Hsu Chen-Ming, Chen Chien-Yu, Liu Baw-Jhiune, Huang Chih-Chang, Laio Min-Hung, Lin Chien-Chieh, Wu Tzung-Lin
Department of Computer Science and Engineering, Yuan Ze University, Chung-Li, Taiwan, ROC.
BMC Bioinformatics. 2007 May 24;8 Suppl 5(Suppl 5):S8. doi: 10.1186/1471-2105-8-S5-S8.
Identification of protein interacting sites is an important task in computational molecular biology. As more and more protein sequences are deposited without available structural information, it is strongly desirable to predict protein binding regions by their sequences alone. This paper presents a pattern mining approach to tackle this problem. It is observed that a functional region of protein structures usually consists of several peptide segments linked with large wildcard regions. Thus, the proposed mining technology considers large irregular gaps when growing patterns, in order to find the residues that are simultaneously conserved but largely separated on the sequences. A derived pattern is called a cluster-like pattern since the discovered conserved residues are always grouped into several blocks, which each corresponds to a local conserved region on the protein sequence.
The experiments conducted in this work demonstrate that the derived long patterns automatically discover the important residues that form one or several hot regions of protein-protein interactions. The methodology is evaluated by conducting experiments on the web server MAGIIC-PRO based on a well known benchmark containing 220 protein chains from 72 distinct complexes. Among the tested 218 proteins, there are 900 sequential blocks discovered, 4.25 blocks per protein chain on average. About 92% of the derived blocks are observed to be clustered in space with at least one of the other blocks, and about 66% of the blocks are found to be near the interface of protein-protein interactions. It is summarized that for about 83% of the tested proteins, at least two interacting blocks can be discovered by this approach.
This work aims to demonstrate that the important residues associated with the interface of protein-protein interactions may be automatically discovered by sequential pattern mining. The detected regions possess high conservation and thus are considered as the computational hot regions. This information would be useful to characterizing protein sequences, predicting protein function, finding potential partners, and facilitating protein docking for drug discovery.
识别蛋白质相互作用位点是计算分子生物学中的一项重要任务。随着越来越多的蛋白质序列在没有可用结构信息的情况下被存入数据库,仅通过序列来预测蛋白质结合区域的需求变得极为迫切。本文提出了一种模式挖掘方法来解决这一问题。据观察,蛋白质结构的功能区域通常由几个肽段与大的通配符区域相连组成。因此,所提出的挖掘技术在模式增长时考虑大的不规则间隙,以便找到在序列上同时保守但在很大程度上分隔开的残基。由于发现的保守残基总是被分组为几个块,每个块对应于蛋白质序列上的一个局部保守区域,所以导出的模式被称为类簇模式。

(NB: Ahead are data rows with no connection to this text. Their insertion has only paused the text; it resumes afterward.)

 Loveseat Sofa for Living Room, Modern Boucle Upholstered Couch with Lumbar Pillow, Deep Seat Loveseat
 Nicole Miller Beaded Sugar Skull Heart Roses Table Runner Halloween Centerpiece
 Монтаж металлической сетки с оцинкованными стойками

在这项工作中进行的实验表明,导出的长模式自动发现了形成蛋白质 - 蛋白质相互作用的一个或几个热点区域的重要残基。基于包含来自72个不同复合物的220条蛋白质链的著名基准,在网络服务器MAGIIC - PRO上进行实验对该方法进行了评估。在所测试的218种蛋白质中,共发现900个连续块,平均每条蛋白质链有4.25个块。观察到约92%的导出块在空间上与至少一个其他块聚集在一起,并且约66%的块位于蛋白质 - 蛋白质相互作用的界面附近。总结得出,对于约83%的测试蛋白质,通过这种方法至少可以发现两个相互作用块。
这项工作旨在证明通过序列模式挖掘可以自动发现与蛋白质 - 蛋白质相互作用界面相关的重要残基。检测到的区域具有高度保守性,因此被视为计算热点区域。这些信息对于表征蛋白质序列、预测蛋白质功能、寻找潜在伙伴以及促进用于药物发现的蛋白质对接将是有用的。